Menurut Lelang Pramutamu Sotheby, Cagar Alam Widi adalah “salah satu properti paling menakjubkan di mana pun di Bumi”.

“Terletak di jantung Segitiga Terumbu Karang yang terpencil di Indonesia, Cagar Alam Widi terdiri dari lebih dari 100 pulau tropis murni yang tidak berpenghuni dengan 150 kilometer pantai berpasir putih halus, terumbu karang yang subur, dan perairan pribadi yang dalam dan kaya nutrisi,” kata situs lelang tersebut. .

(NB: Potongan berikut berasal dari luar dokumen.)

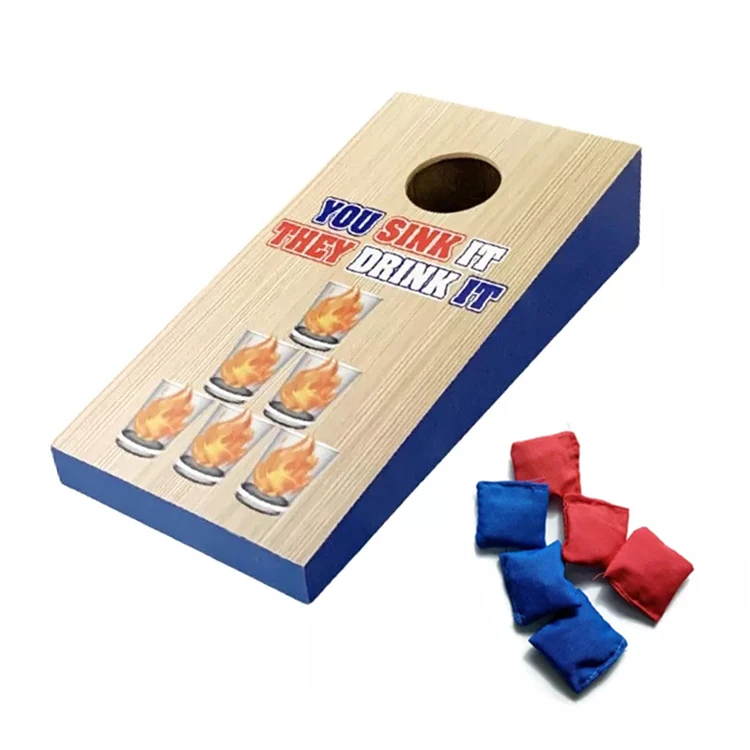 Classic Cornhole Set With 6 Bean Bags Mini Bean Bag Cornhole Boards Toss Game Great For Indoor Outdoor Play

READ  Pemerintah dan industri gas bersatu untuk mencegah krisis kekurangan oksigen

Gugusan pulau ini adalah salah satu ekosistem terumbu karang terakhir yang masih hidup di Bumi dan merupakan rumah bagi kerajaan hewan dengan proporsi yang luar biasa, termasuk paus biru, hiu paus, lebih dari 600 mamalia laut yang terdokumentasi, ikan, burung, serangga dan kadal serta spesies yang belum ditemukan.”

‘Ribuan pulau kecil’

Kelompok lingkungan hidup Indonesia Walhi mengatakan contoh Cagar Alam Widi seharusnya mendorong pemerintah untuk memprioritaskan perlindungan pulau-pulau kecil dan masyarakat yang bergantung padanya.

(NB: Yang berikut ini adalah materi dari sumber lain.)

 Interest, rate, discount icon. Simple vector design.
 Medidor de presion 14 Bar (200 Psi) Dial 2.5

“Ini harus dijadikan dasar untuk mengevaluasi dan menarik semua proyek investasi asing di semua pulau kecil di Indonesia,” kata manajer kampanye pesisir dan laut WALHI Parit Ritwanuddin kepada Benarnews.

Dia mengatakan pulau-pulau kecil menghadapi dua masalah serius – naiknya permukaan laut akibat perubahan iklim dan munculnya industri pertambangan.

“Pada tahun 2021, Walhi mencatat 83 pulau kecil terluar dan 115 pulau kecil di perairan dalam Indonesia terancam tenggelam,” kata Parit.

Juru kampanye kelautan Greenpeace Afdilla Sutiel mengatakan “penjualan” Cagar Alam Widi akan menjadi preseden buruk bagi pengelolaan pulau-pulau kecil di Indonesia.

“Seandainya berita pelelangan tidak viral, kami pasti sudah ketahuan. Kita punya ribuan pulau kecil dan kita tidak tahu bagaimana mengelolanya,” kata Abdullah kepada Benarnews.

Indonesia memiliki ratusan pulau kecil tak berpenghuni, tetapi semuanya memiliki fungsi ekologis dan strategis, katanya, seraya menambahkan bahwa masyarakat pesisir paling tahu cara memanfaatkan dan melindungi pulau-pulau kecil.

“Pemerintah harus menghormati kearifan lokal masyarakat nelayan pesisir,” kata Abdilla.

“Pemerintah harus menempatkan kelestarian lingkungan di atas bisnis. Jangan korbankan ekologi untuk investasi.”

Nasruddin Latif berkontribusi untuk laporan ini di Jakarta.